The fire officer charged with protecting residents across England’s largest county has defended a policy to charge businesses which repeatedly trigger bogus emergency call-outs.
North Yorkshire Fire and Rescue Service’s chief fire officer Jonathan Dyson told a meeting of North Yorkshire and York’s police, fire and crime panel the ultimate goal of charging for false call-outs was to protect the cash-strapped service’s resources for incidents where people’s lives were at risk.
The meeting heard automatic fire alarms were the predominant call-out for the service and the brigade’s policies had always included the option to charge, but it had made that policy clearer recently in its Risk and Resource Model 2022-2025 as it was “starting to see repeat offenders”.
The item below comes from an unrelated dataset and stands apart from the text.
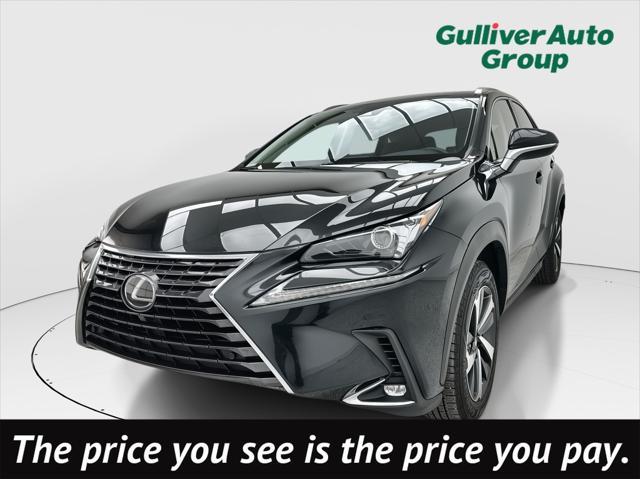 used 2018 Lexus NX 300 car, priced at $22,888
While the service has faced a bleak financial situation for several years due to what panel members have agreed has been long-term underfunding and the cost of covering a vast area, in the 12 months to March 2022, the service was called to nearly 7,600 incidents, of which nearly half were false alarms.
A study of Home Office data in 2021 found only two per cent of confirmed incidents from automatic fire alarms were a result of an actual fire.
It found some 90 per cent of false alarms were due to “false apparatus”, with two per cent being deemed as malicious.
Automatic fire alarms send a signal directly to fire services to respond to, but due to the volume of false call-outs some fire and rescue services now also require a confirmed fire before responding.
The meeting heard businesses in North Yorkshire and York whose fire alarms triggered four false call-out a year would be liable for a charge under the service’s policy.
North Yorkshire councillor Rich Maw questioned whether the policy was “more of a headline rather than actually something that will deter”.
The meeting heard the policy was designed to protect the service’s appliances and firefighters, to ensure time for training, and “to respond to true life incidents”.
Mr Dyson told the meeting the service went to great lengths to ensure it was supporting businesses, and only when it was “absolutely required” would the service start charging for false call-outs.
He said while charging had been proven to be effective in energising managers in places such as universities to tackle people who triggered alarms irresponsibly, he did not anticipate the North Yorkshire service having to resort to charging on a consistent or regular basis.
However, he added: “The problem being of course, to some companies it is cheaper to pay any charge that we incur on them than making the responsible persons do their job or the changes that are required.”